Bu kısmı kırparak anlatmayı seçtiğim için devam edemedim. Bir anlık sinirle söylediğini biliyordum ve sonrasında kimse Boğa’ya bunun için bir şey söyleyip üzmemeliydi. Bu sadece orada olan kişilerin arasında kalmalıydı. Umarım Boğa gerçekten aramıza dönerdi. Ya da taşa hapsettiğim ruhu huzur bulamadığı için benden intikam almaya kalkardı. Bu seçenek tüylerimi ürperttiği için gerildim.
“Yargı, Boğa sana ne dedi diyorum çatlattın insanı? Neye daldın hem, bu kadar büyük bir tartışma mı yaşadınız?”
“İşte biraz atıştık oylama oldu sonra sanki dikenli bir tel her tarafını sarıyor ve o da kurtulmak istiyor gibi hızla yanımızdan ayrıldı. Peşinden Şeref’i göndermiştik. Ayrılmamız iyi bir fikir değildi her an bir şey olabilirdi ve oldu.”
“Kız duraksamasana zilli öldüm burada meraktan ne oldu?”
“Şeref’in bağırışıyla hemen yanlarına koştuğumuzda Boğa ruh bataklığına düşmüştü.”
Feris elini ağzına kapatarak şaşkınlığını belirtti.

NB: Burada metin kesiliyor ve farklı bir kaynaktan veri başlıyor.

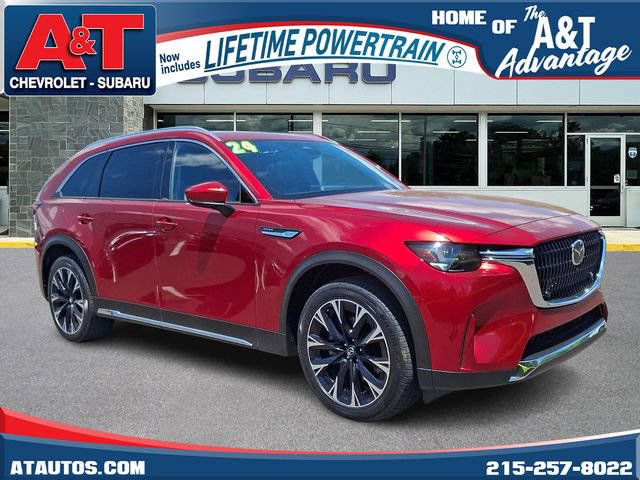 Used 2024 MAZDA CX-90 Plug-In Hybrid w/ Premium Plus AWD/4WD image 1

Mavi gözleri iri iri açılmış devamını bekliyor ama bu kez sormaya korkuyordu. Derin bir nefes alıp kendimce güç topladım ve devam ettim.
“Ona yardım etmeyi denedik ama neredeyse çenesine kadar batmıştı. Çevresindeki uğultulu kahkaha bataklıktan geliyordu. Ben ruhlarla dolu bir yer beklemiştim meğer ruhunu senden alan bir bataklık olduğu için adı öyleymiş. Boğa’nın ruhu parlak bir ışık topu olarak bedeninden ayrıldı ve göğe doğru yükseldi.”
Feris bu sözlerimden sonra kelimenin tam anlamıyla donmuştu. Sanırım nefesini de tutmuştu. Kendine gelmesi için biraz süre tanıdım fakat aynı şekilde gözünü bile kırpmadan bakıyordu.